Procurado, o Ipaam afirmou que o licenciamento ambiental do CTTR Amazonas seguiu todos os ritos previstos em lei, com análises técnicas embasadas na legislação e conduzidas por profissionais qualificados do instituto. “Os técnicos do instituto realizam vistorias e fiscalizações periódicas, com a elaboração de relatórios que atestam a conformidade do aterro com as normas e legislações vigentes”, afirmou em nota.
A prefeitura de Manaus não respondeu aos questionamentos da Folha.
Outra razão para o impasse, segundo quem acompanha o tema, é a intenção do grupo Norte Ambiental, do empresário Sérgio Bringel, de instalar um outro aterro na região metropolitana de Manaus.
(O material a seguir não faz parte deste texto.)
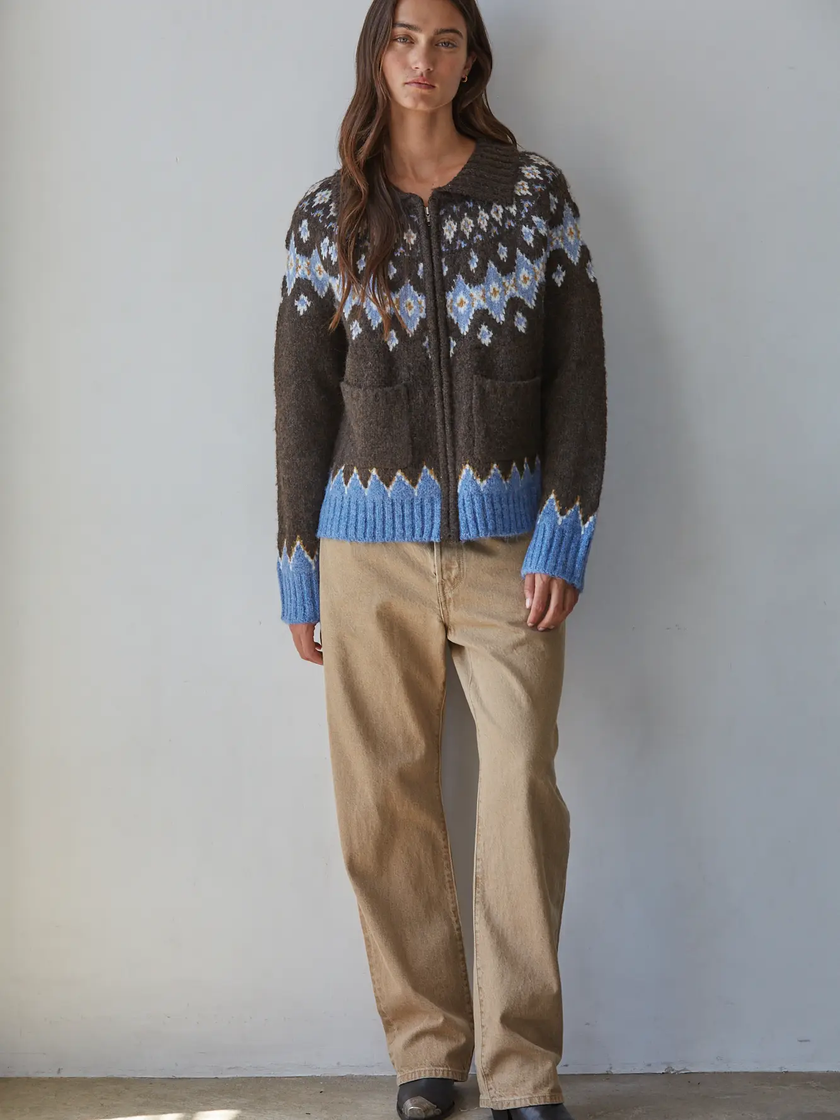 Knit Sweater Fair Isle Zip-Up Collar Neck Cardigan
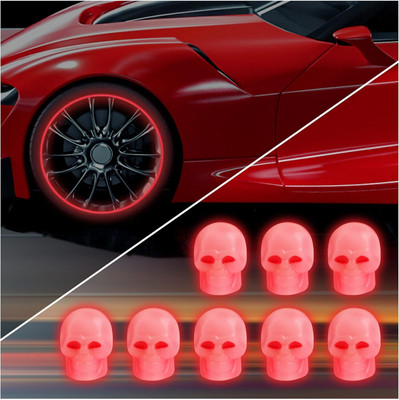 Mr fix Plastic Tyre Valve Cap for Car(Skull)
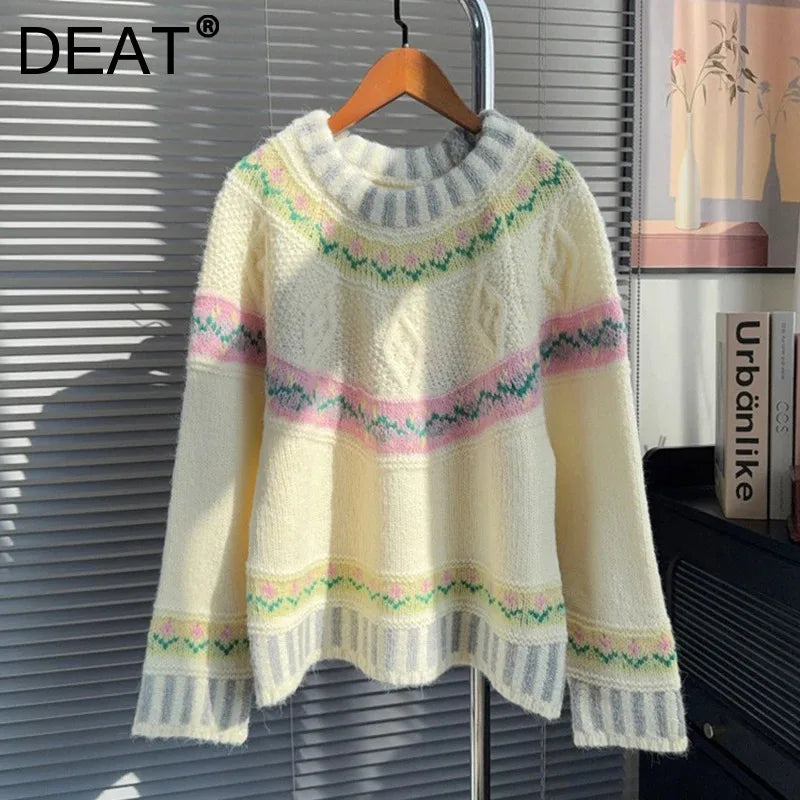 Autumn Winter New Round Neck Contrast Color Knit Sweater For Women Lazy Style Loose Contrast Color Pullover 11A07870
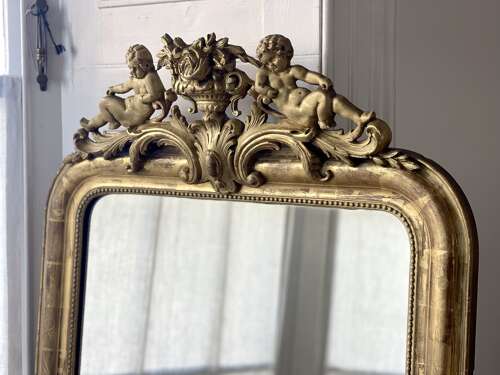 19th century French gilt cherubs mirror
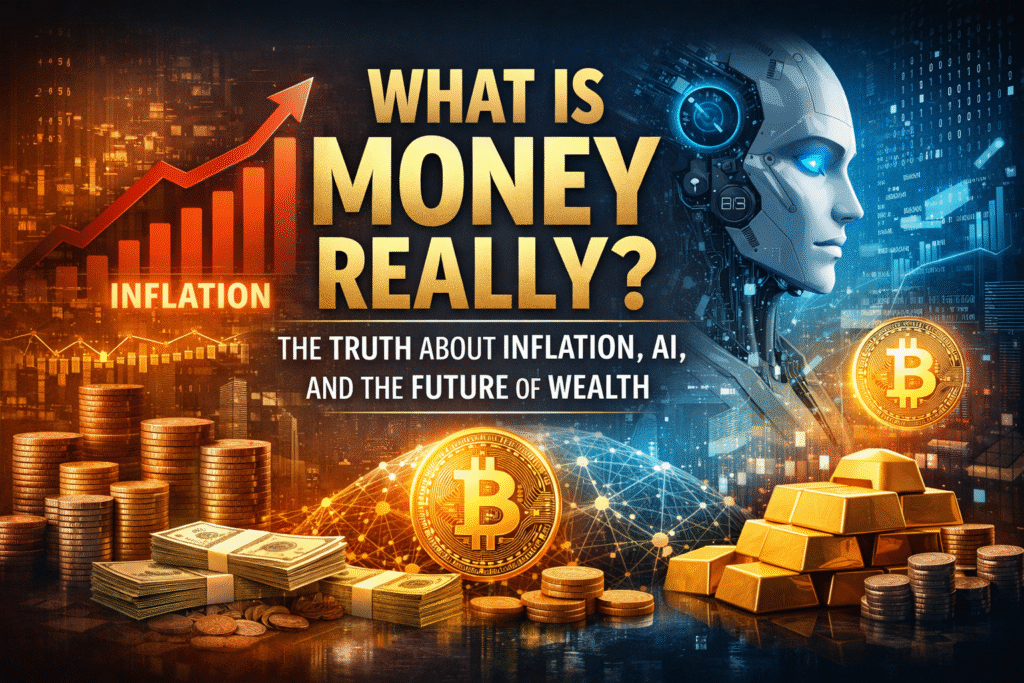 What is money really showing inflation rise, artificial intelligence impact, digital currency, gold, and future of wealth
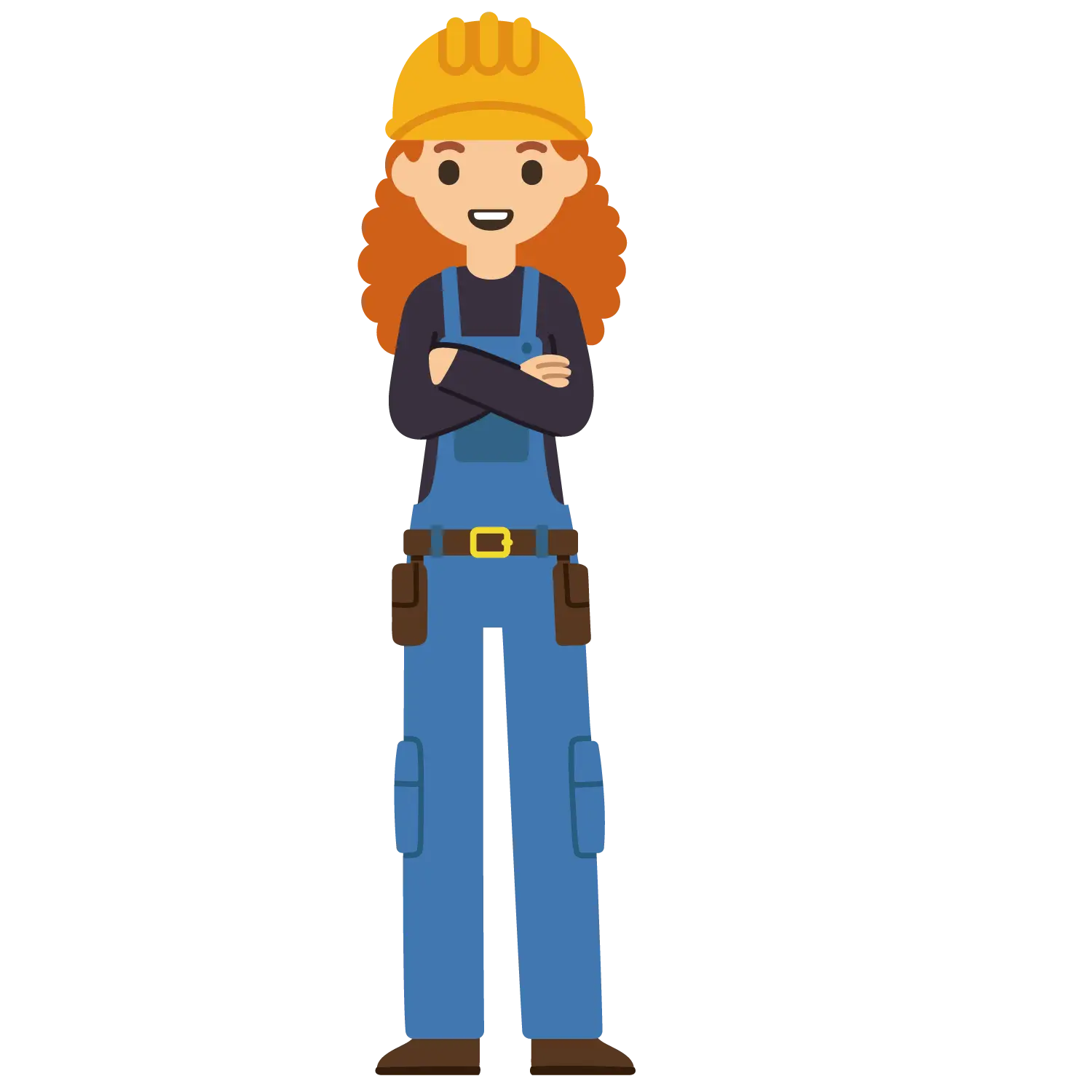 Construction Worker in Overalls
O empresário é dono de alguns veículos de comunicação na região, inclusive a TV Norte, afiliada do SBT no Amazonas.
Questionado, o grupo disse que essa relação não tem nenhum fundamento e que a Norte Ambiental “trabalha com lisura, seriedade, rigoroso controle de qualidade e compliance”.
Diante do impasse, Nery, diretor-presidente da Marquise Ambiental, refuta a possibilidade de a empresa pedir indenização à prefeitura pela demora. “Não está na nossa visão não receber o resíduo de Manaus, porque fizemos um investimento acreditando na visão de futuro do gestor público do estado do Amazonas”, diz.
O jornalista viajou a convite da Abrema (Associação Brasileira de Resíduos e Meio Ambiente).